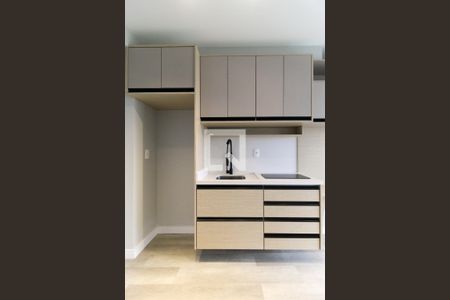 Cozinha de apartamento para alugar com 1 quarto, 28m² em Pinheiros, São Paulo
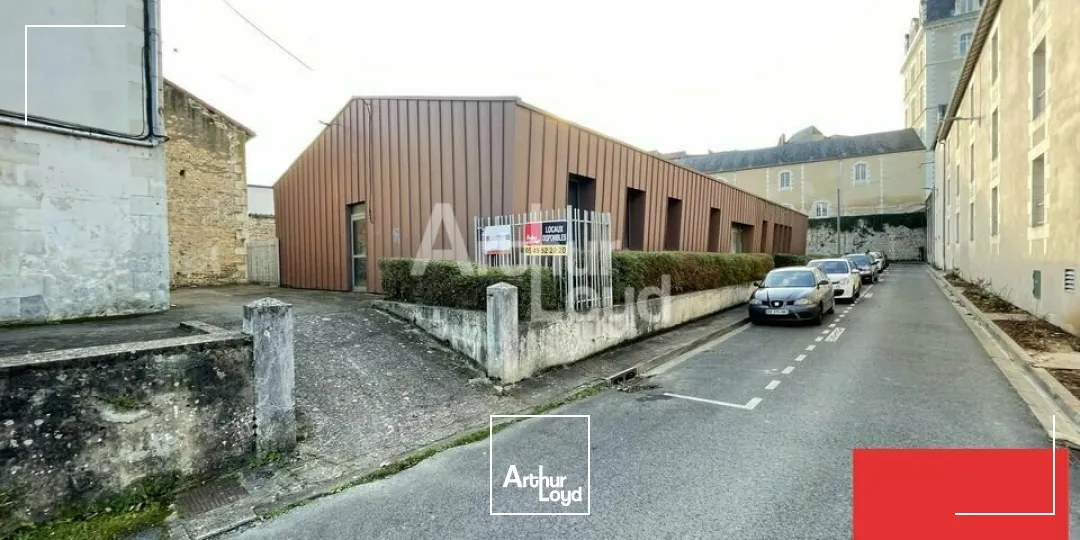 POITIERS A VENDRE CITE JUDICIAIRE 330m² LOCAL COMMERCIAL NEUF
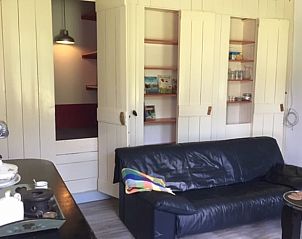 Knusse binnenruimte in Huisje in Zuidlaarderveen, vakantiehuis in Noord Drenthe voor ontspanning.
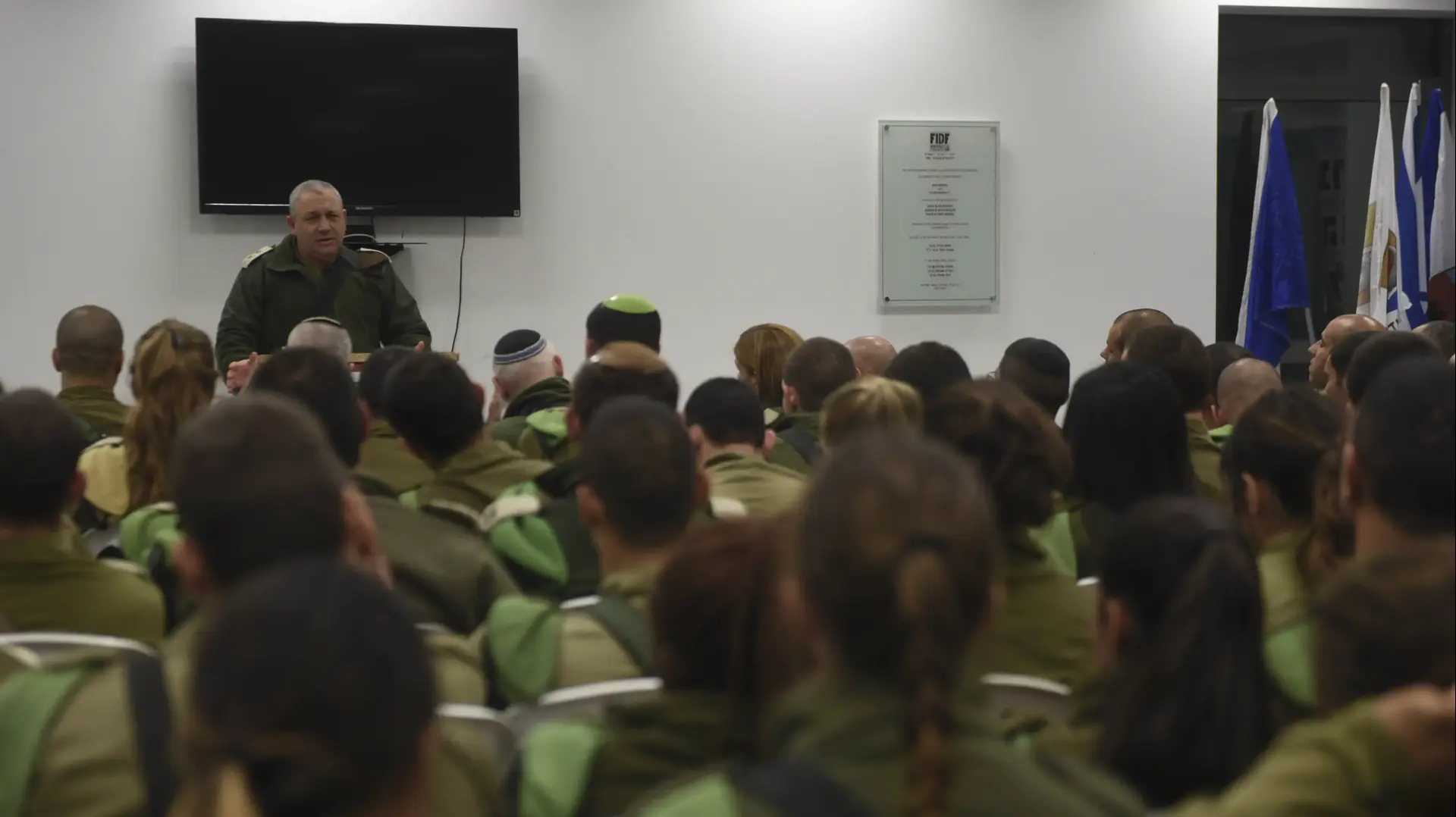 הרמטכ"ל גדי איזנקוט הדליק בערבה נרות חנוכה בבסיס בערבה, 26 בדצמבר 2016 הרמטכ"ל גדי איזנקוט הדליק בערבה נרות חנוכה בבסיס בערבה, 26 בדצמבר 2016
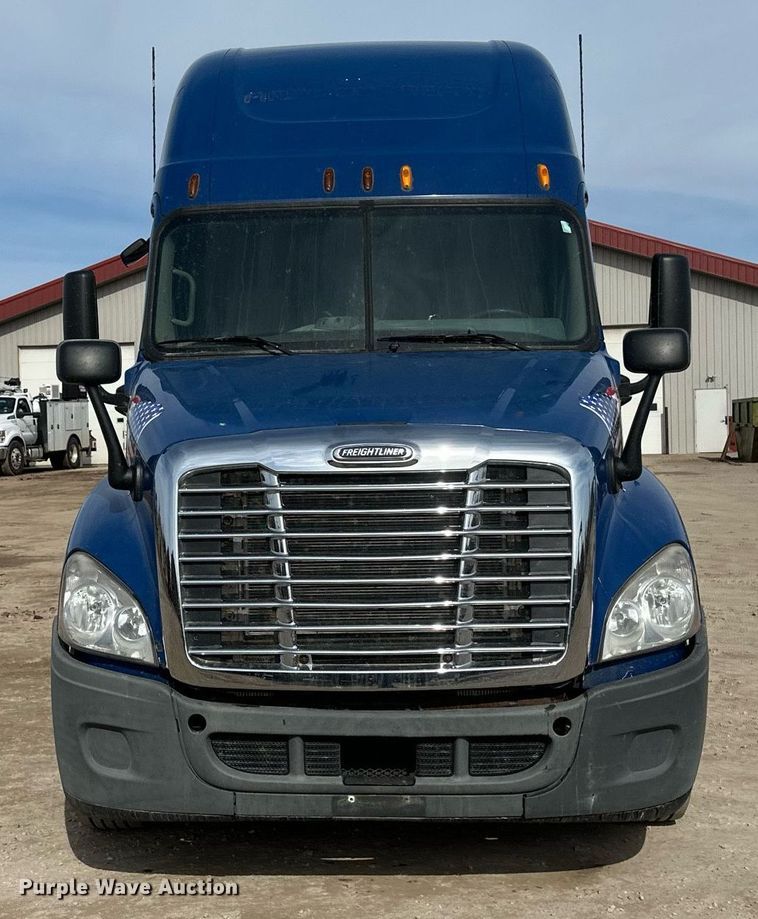 image for item DV0652 2011 Freightliner  Cascadia semi truck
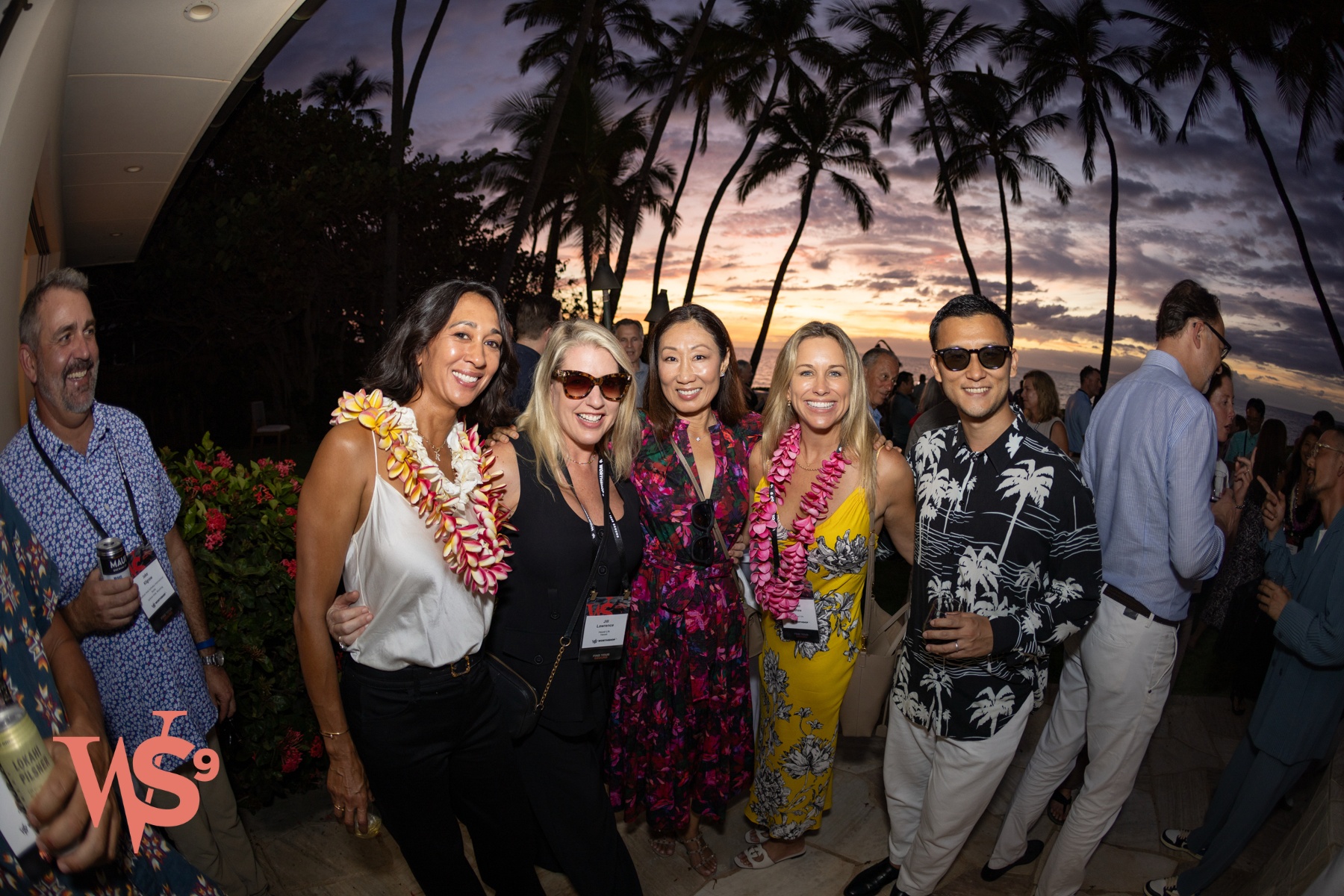 hawaii life real estate agents at worthsop event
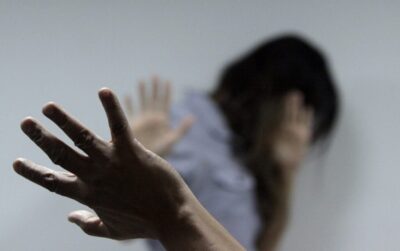 Homem de 59 anos detido por violência doméstica em Viana
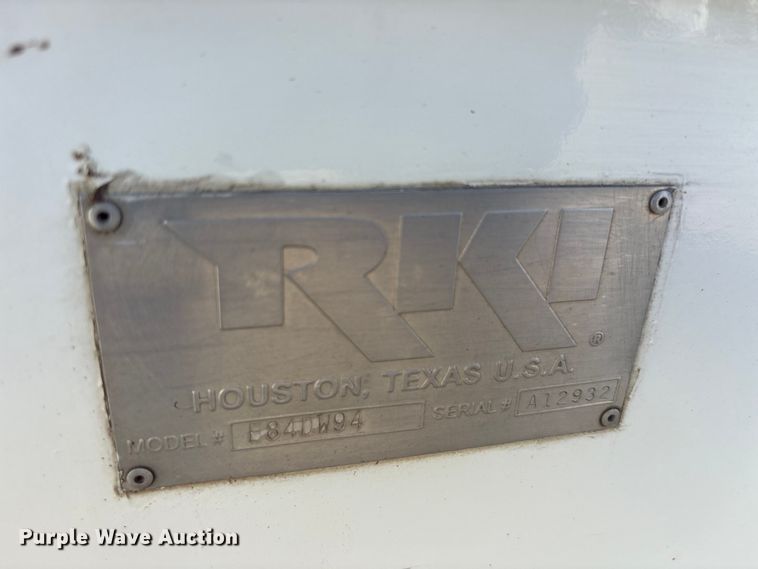 image for item EU5741 2005 International 4300 utility / service truck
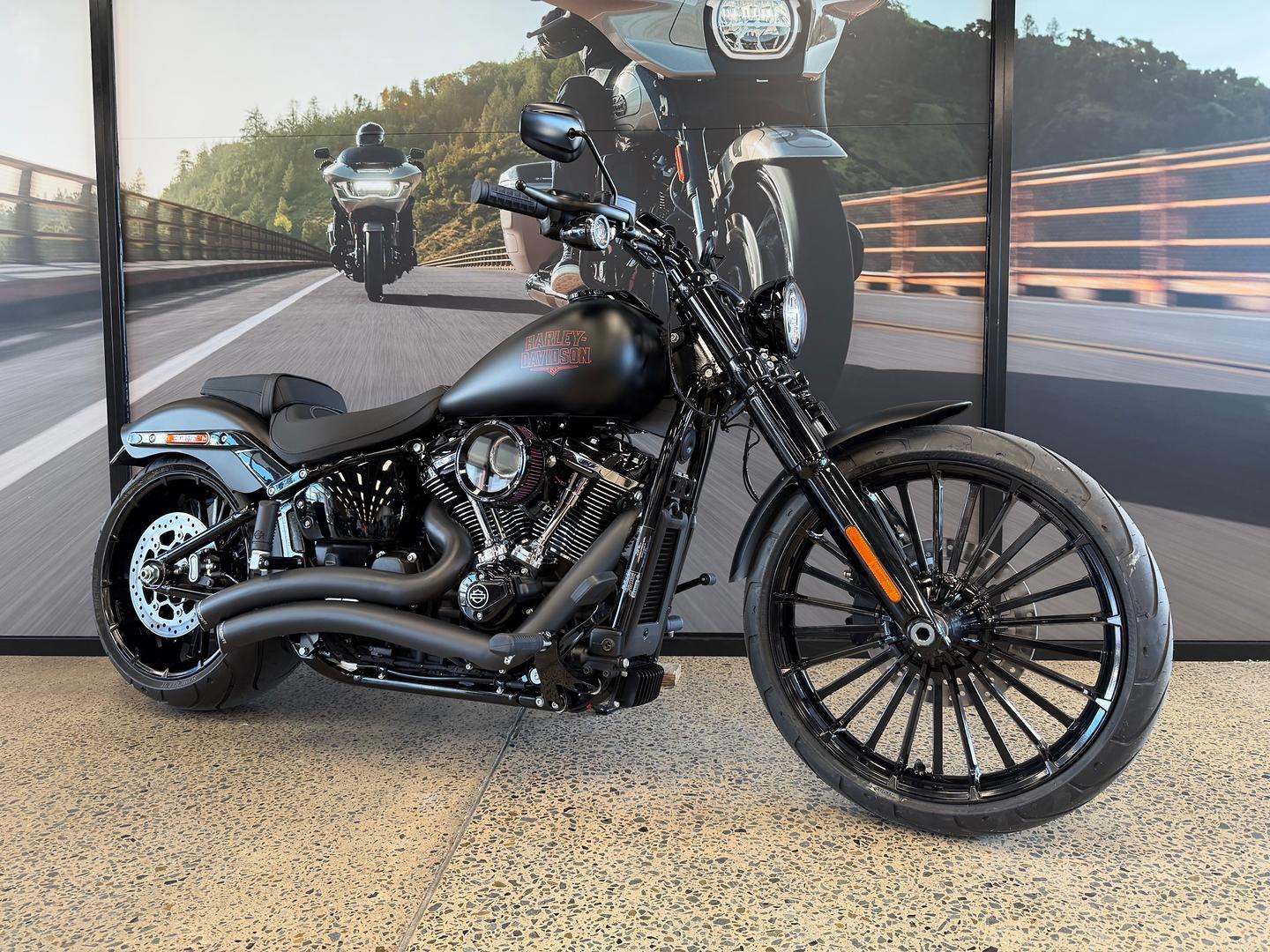 2026 HARLEY-DAVIDSON FXBR BREAKOUT (117) CRUISER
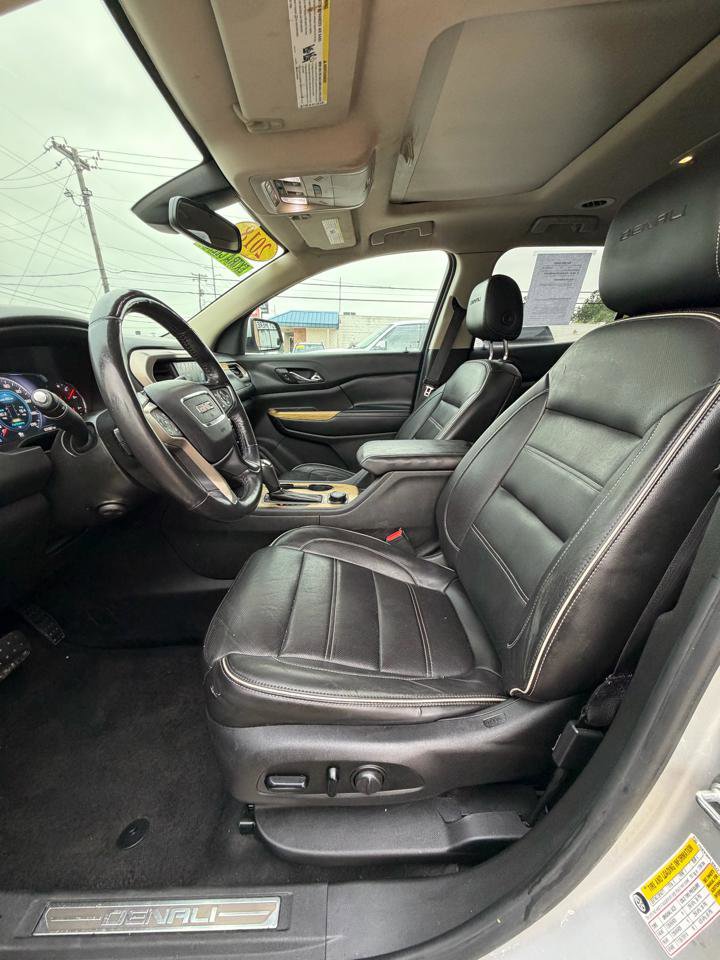 Used 2018 GMC Acadia Denali w/ Technology Package FWD image 9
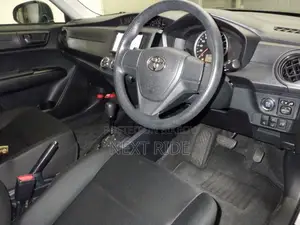 Toyota Axio 2020 Silver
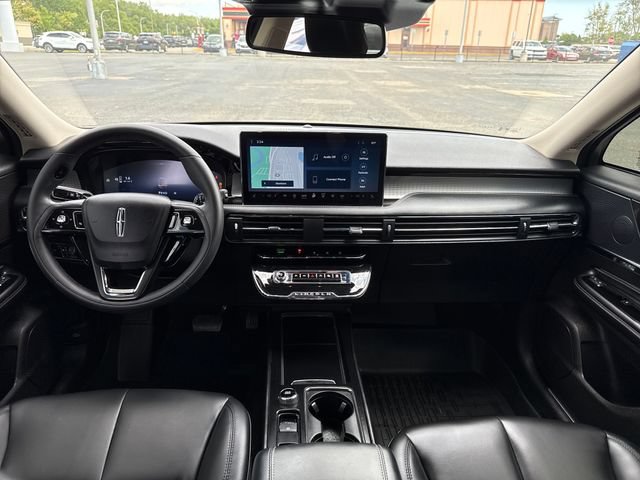 Certified 2024 Lincoln Corsair AWD w/ Rear Removable Package Tray image 15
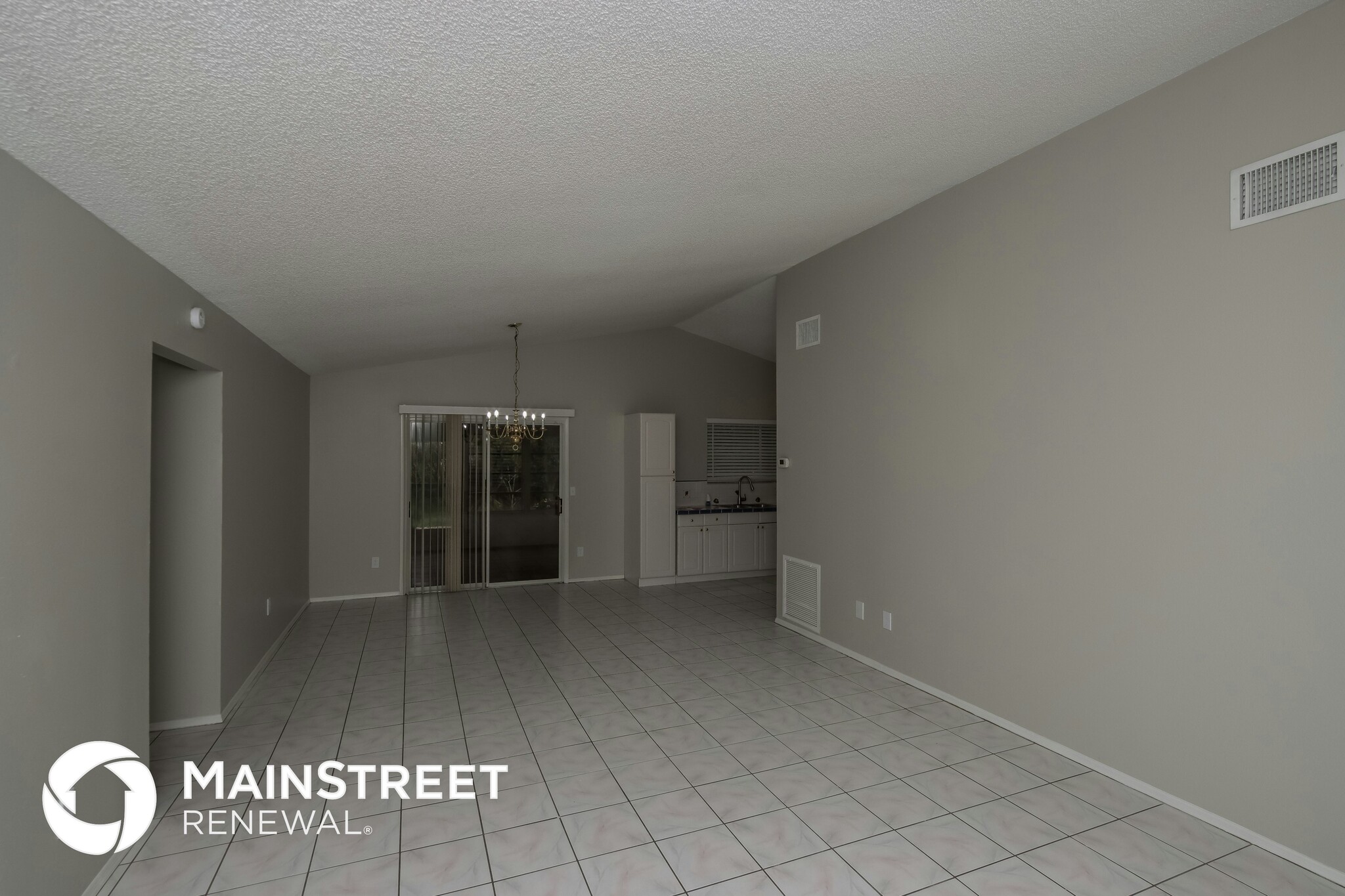 Building Photo - 473 Birch Ave SW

=== Action item ===
In the copy, every entry appears exactly as written above and no picture appears.

=== Exercise answer ===
 Cozinha de apartamento para alugar com 1 quarto, 28m² em Pinheiros, São Paulo
 POITIERS A VENDRE CITE JUDICIAIRE 330m² LOCAL COMMERCIAL NEUF
 Knusse binnenruimte in Huisje in Zuidlaarderveen, vakantiehuis in Noord Drenthe voor ontspanning.
 הרמטכ"ל גדי איזנקוט הדליק בערבה נרות חנוכה בבסיס בערבה, 26 בדצמבר 2016 הרמטכ"ל גדי איזנקוט הדליק בערבה נרות חנוכה בבסיס בערבה, 26 בדצמבר 2016
 image for item DV0652 2011 Freightliner  Cascadia semi truck
 hawaii life real estate agents at worthsop event
 Homem de 59 anos detido por violência doméstica em Viana
 image for item EU5741 2005 International 4300 utility / service truck
 2026 HARLEY-DAVIDSON FXBR BREAKOUT (117) CRUISER
 Used 2018 GMC Acadia Denali w/ Technology Package FWD image 9
 Toyota Axio 2020 Silver
 Certified 2024 Lincoln Corsair AWD w/ Rear Removable Package Tray image 15
 Building Photo - 473 Birch Ave SW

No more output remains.